RECORDS FOR PROCESSING:
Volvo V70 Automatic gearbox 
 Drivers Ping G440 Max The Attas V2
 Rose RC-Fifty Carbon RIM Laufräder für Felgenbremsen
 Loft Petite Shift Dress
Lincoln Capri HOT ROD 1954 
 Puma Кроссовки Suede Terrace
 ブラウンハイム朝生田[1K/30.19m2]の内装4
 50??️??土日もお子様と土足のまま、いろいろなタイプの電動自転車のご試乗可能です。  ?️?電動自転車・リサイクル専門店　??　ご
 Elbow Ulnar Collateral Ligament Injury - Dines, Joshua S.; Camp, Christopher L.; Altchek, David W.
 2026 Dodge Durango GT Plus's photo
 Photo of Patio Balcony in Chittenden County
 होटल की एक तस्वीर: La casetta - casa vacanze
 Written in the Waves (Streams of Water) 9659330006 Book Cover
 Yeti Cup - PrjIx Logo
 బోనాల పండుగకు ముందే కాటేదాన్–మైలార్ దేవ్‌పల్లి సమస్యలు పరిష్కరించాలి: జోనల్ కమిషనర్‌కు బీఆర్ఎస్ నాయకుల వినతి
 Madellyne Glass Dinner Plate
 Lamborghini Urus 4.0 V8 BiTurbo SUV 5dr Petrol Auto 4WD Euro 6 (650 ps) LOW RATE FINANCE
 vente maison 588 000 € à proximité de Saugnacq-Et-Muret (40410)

WORK ORDER:
What you return should be only the lines from the line containing "Lamborghini Urus 4.0" through the end of the material above, reproduced exactly, first and last included.

SOLUTION:
 Lamborghini Urus 4.0 V8 BiTurbo SUV 5dr Petrol Auto 4WD Euro 6 (650 ps) LOW RATE FINANCE
 vente maison 588 000 € à proximité de Saugnacq-Et-Muret (40410)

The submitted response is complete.